„Die Ecowas setzt nun stärker auf Diplomatie. Das begrüßen wir“

OUSMANE MAKAVELI/AFP via Getty Images
Nein zur Ecowas: In Mali demonstrieren im Februar 2024 junge Leute gegen die Westafrikanische Wirtschaftsgemeinschaft (französische Abkürzung: Cedeao) und für die neue Allianz der Sahel-Staaten (AES), die Niger, Mali und Burkina Faso gebildet haben.
Sahel
Nachdem sich das Militär in Burkina Faso, Mali und im Niger an die Macht geputscht hat, wollen die drei Sahelländer aus der westafrikanischen Wirtschaftsgemeinschaft Ecowas austreten. Wieso das ihre Lage schwieriger macht und wie Deutschland die Region weiter unterstützt, erklärt die Parlamentarische Staatssekretärin im BMZ, Bärbel Kofler.

Bärbel Kofler ist seit Ende 2021 Parlamentarische Staatssekretärin im Bundesentwicklungsministerium (BMZ). Sie sitzt seit 2004 für die SPD im Bundestag und war von 2016 bis 2021 Menschenrechtsbeauftragte der Bundesregierung.

Ende Januar haben Mali, Niger und Burkina Faso angekündigt, aus der westafrikanischen Wirtschaftsgemeinschaft Ecowas auszutreten. Kurz darauf haben Entwicklungsministerin Svenja Schulze und Sie Nigeria besucht und dort auch den Kommissionspräsidenten der Ecowas gesprochen. Worum ging es Ihnen dabei? 
Es war Ministerin Schulze wichtig, den Präsidenten der Ecowas Omar Touray zu treffen und sich bei der Frage einzubringen, wie in der Region den Zusammenhalt zwischen den Ländern in dieser Situation beibehalten kann.

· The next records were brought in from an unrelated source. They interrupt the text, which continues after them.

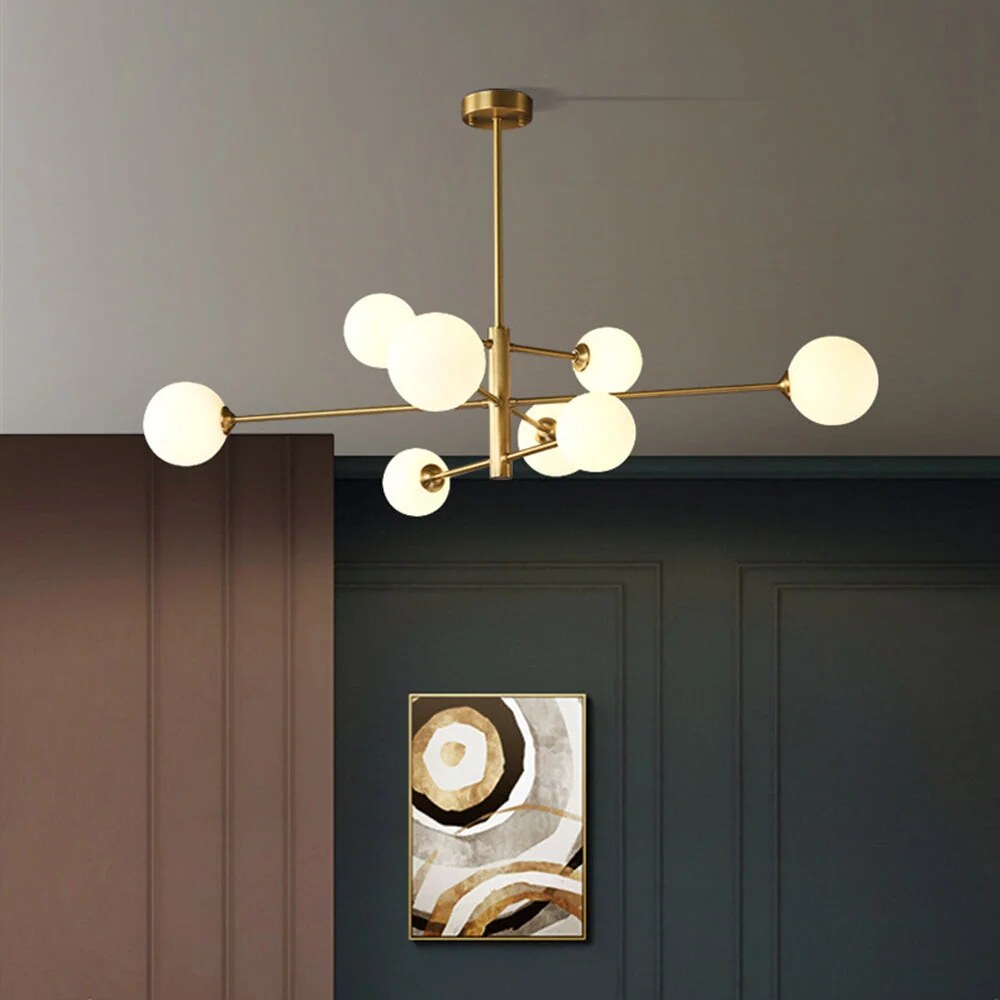 Suspension en cuivre et verre – Design géométrique épuré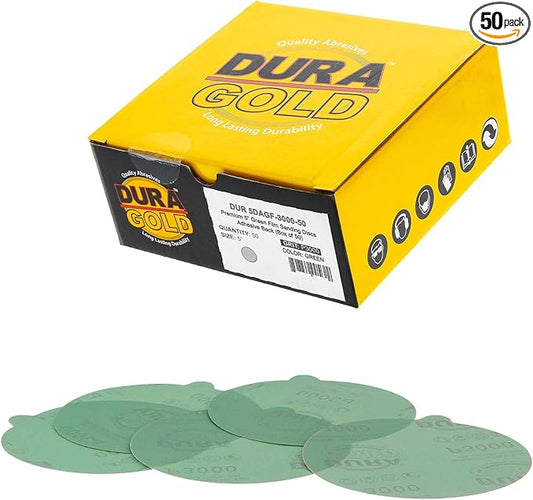 Dura-Gold Premium 5" Green Film PSA Sanding Discs - 3000 Grit (Box of 50) - Film Back Self Adhesive Stickyback Sandpaper Discs for DA Sander, Finishing Abrasive, Sand Automotive Paint Woodworking Wood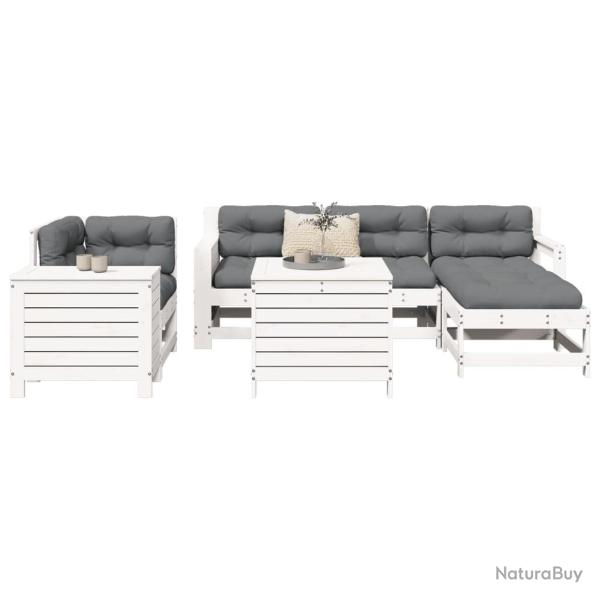 Salon de jardin 7 pcs blanc bois de pin massif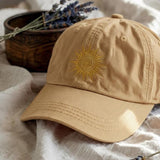 Sun Embroidered Hat, Minimal Sunshine Cap, Cozy Unisex Dad Hat, Aesthetic Summer Embroidery Gift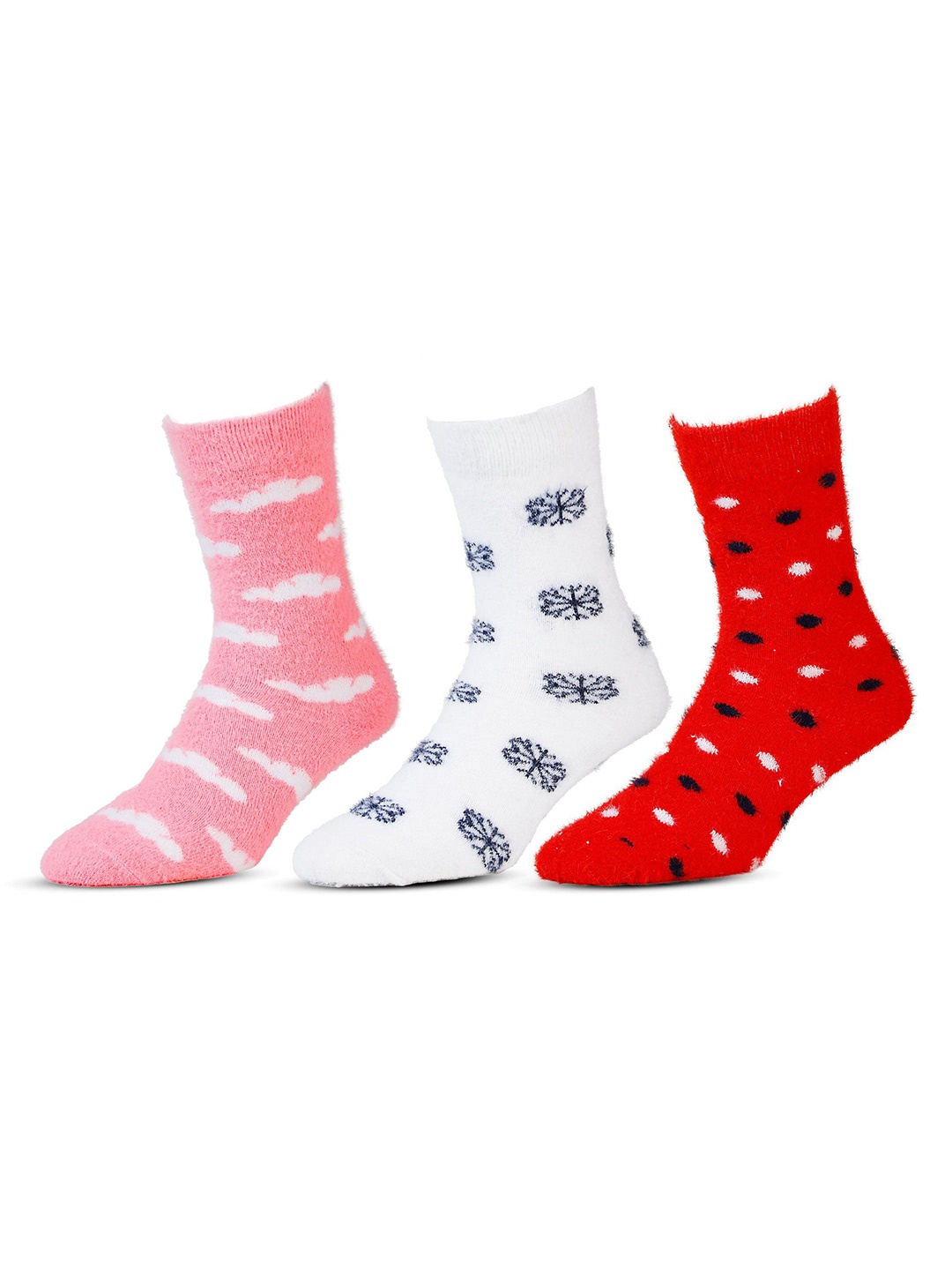 

RC. ROYAL CLASS Kids Pack Of 3 Patterned Calf Length Socks, White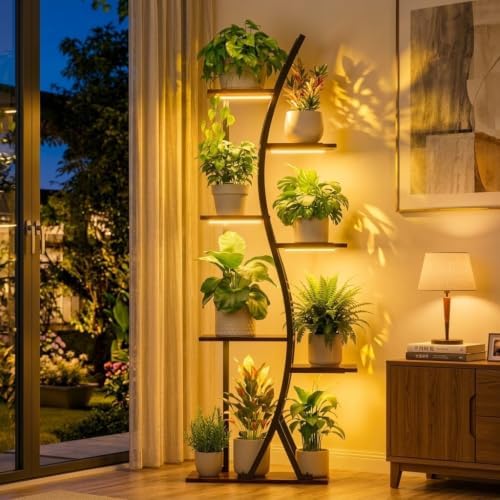 56" Plant Stand Indoor with Grow Lights, 7 Tiered Tall Metal Plant Shelf - Image 5
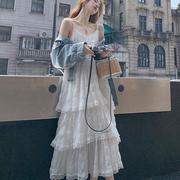 欧洲站白色连衣裙2024夏季法式气质吊带裙性感显瘦高级感蛋糕裙子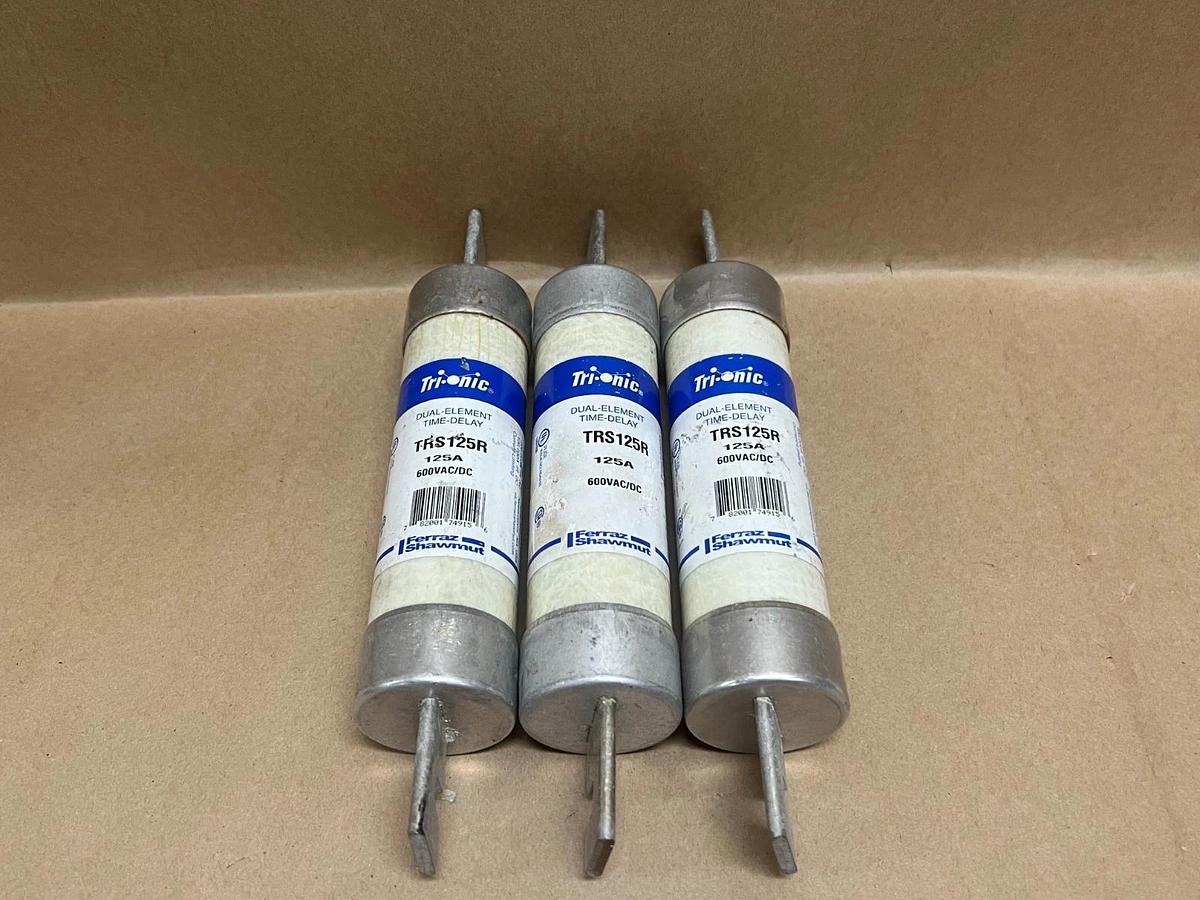 Used Ferraz Shawmut TRS125R Tri-onic 125A 600VAC/DC Dual-Element Time-Delay, Lot of 3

Für uns war es eine sehr gute Gelegenheit, so kurz nach der Ankündigung des Austritts der drei Staaten das Gespräch darüber zu suchen konnten, wie Ecowas sich in dieser sehr schwierigen Situation die weiteren Schritte vorstellt. Offiziell gibt es nach den Statuten von Ecowas ein Jahr Übergangsfrist für einen Austritt, auch wenn die drei betroffenen Staaten das im Moment ein bisschen anders sehen. Diese Zeit möchte die Ecowas nutzen, um zu sehen, wie man Differenzen beilegen kann. Der Sinn unseres Besuches war, erst einmal zuzuhören und zu sehen, wie wir Ecowas in ihrer Rolle als regionale Friedens- und Sicherheitsakteurin, aber auch beim Voranbringen der regionalen Integration weiter unterstützen können. Ministerin Schulze ist ja auch Vorsitzende der Sahel-Allianz, mit der zwölf Geberländer sowie Organisationen wie die Weltbank ihre Arbeit im Sahel koordinieren und voranbringen wollen.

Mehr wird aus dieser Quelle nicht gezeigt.